Hal sama berlaku pada motor. Saya berani bertaruh jika kita naik motor bebek dan melintas sebuah Harley maka akan ada perasaan minder karenanya. Oke mungkin tidak minder tapi lebih pada pandangan akan sesuatu yang asing. Motor sudah kita kuasai namun faktor “besar” kita kalah. Maka yang terjadi seperti ketika pipis di WC sekolah, yang kecil harus menelan malu sementara yang besar berkuasa. Walau “burung” yang kecil dapat lari dengan lebih kencang, oke lupakan hal itu.
Bisa jadi ini yang membuat Moge alias motor gede disukai laki-laki. Sebab ia menjawab dua kebutuhan laki-laki sekaligus yakni hasrat kepemilikan dan hasrat “besar”. Lalu mereka dengan semena-mena berjalan di tengah jalan dengan gas yang brutal. Ada keinginan untuk menunjukkan sifat “laki-laki” itu.

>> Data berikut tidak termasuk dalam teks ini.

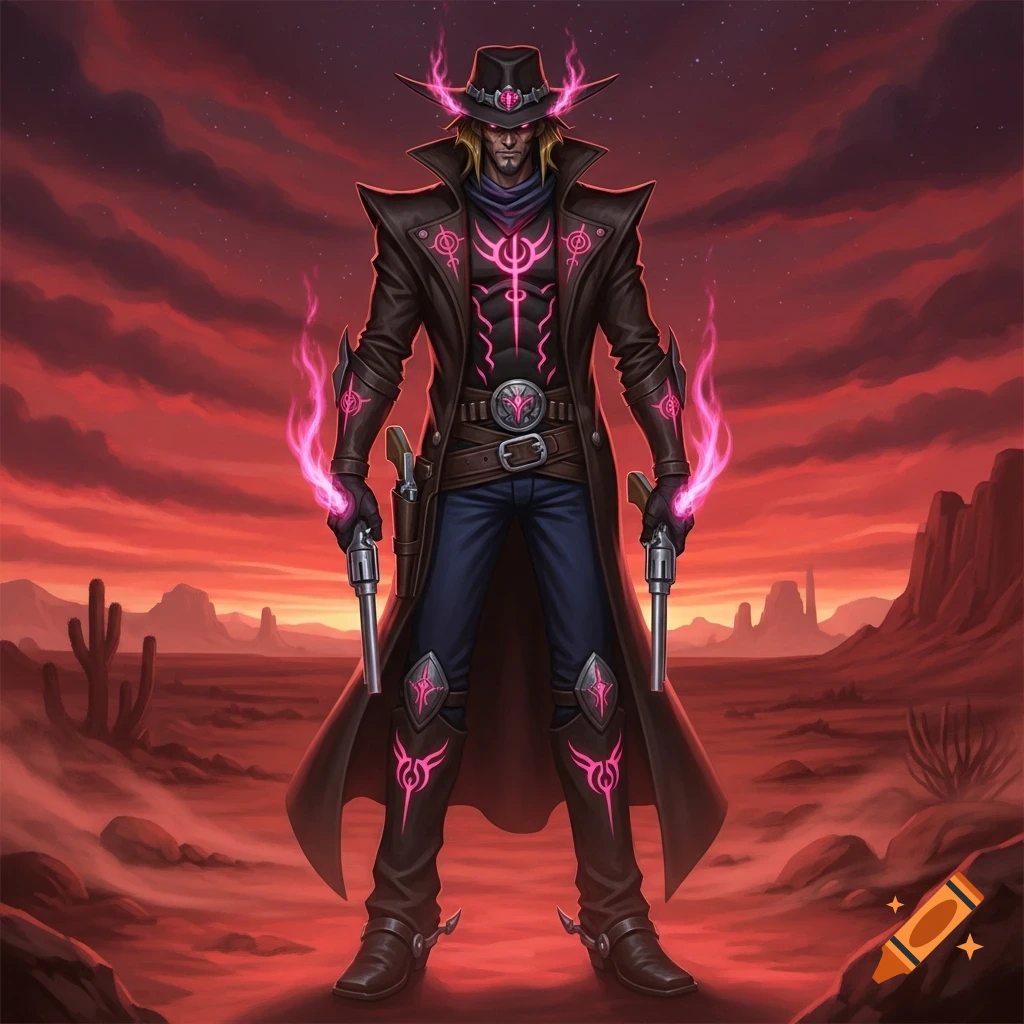 A stylized fantasy cowboy character with glowing pink energy and revolvers stands in a red desert landscape.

Dwiki mungkin kini sedang santai dalam sebuah parkiran di Jogja. Pun Jaka Tingkir yang sedang naik kapal untuk dibawa ke Kalimantan. Saya memang berpisah dengan dua motor tersebut. Namun perpisahan tersebut setidaknya mengajari satu hal. Hasrat akan sebuah kepemilikan harus diimbangi dengan hasrat akan kehilangan. Tanpa hasrat kehilangan boleh jadi motor saya berikutnya bagaikan sebuah wilayah tak bertuan yang akan saya kuasai dengan sesuka hati. Tapi saya kan laki-laki, bukankah itu sudah kodrat saya? Sayang tak ada Dwiki dan Tingkir yang bisa kembali saya ajak ngobrol soal laki-laki.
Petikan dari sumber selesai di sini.